What is being asked. Beneath this line are entries. Copy the range from the line with "Blaklader Full Zipped" to the line with "PET Laser Inkjet", ends included, exactly; leave pictures out.

Given records.
+--

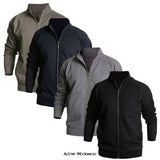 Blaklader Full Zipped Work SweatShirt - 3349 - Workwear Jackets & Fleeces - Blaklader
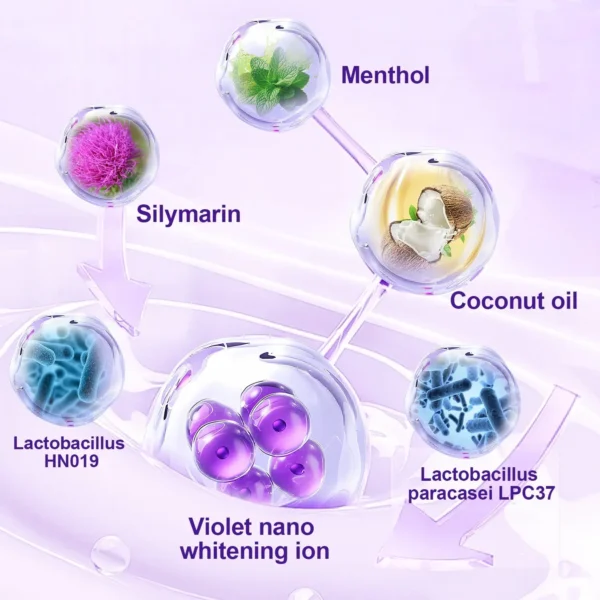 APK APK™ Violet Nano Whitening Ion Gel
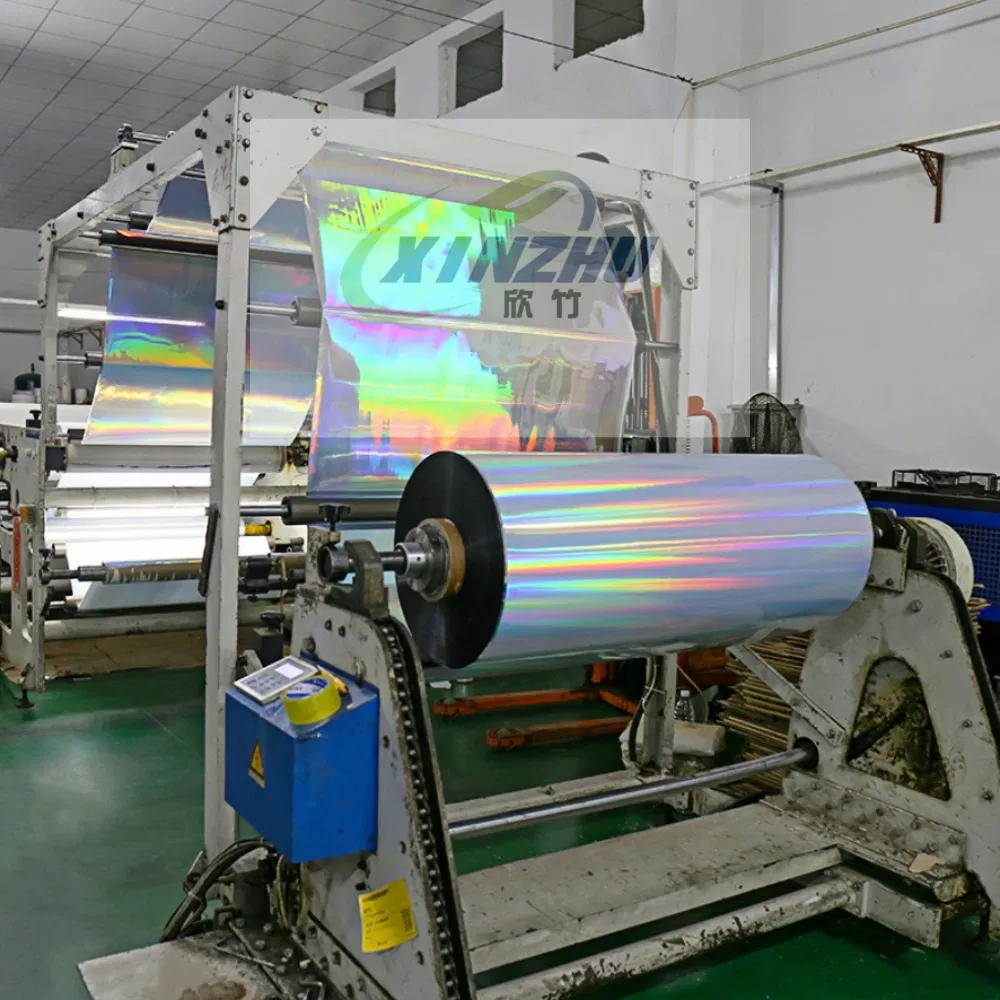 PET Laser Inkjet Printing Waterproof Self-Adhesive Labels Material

+--

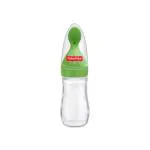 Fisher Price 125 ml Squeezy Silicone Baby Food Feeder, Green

+--

Expected answer.
 Blaklader Full Zipped Work SweatShirt - 3349 - Workwear Jackets & Fleeces - Blaklader
 APK APK™ Violet Nano Whitening Ion Gel
 PET Laser Inkjet Printing Waterproof Self-Adhesive Labels Material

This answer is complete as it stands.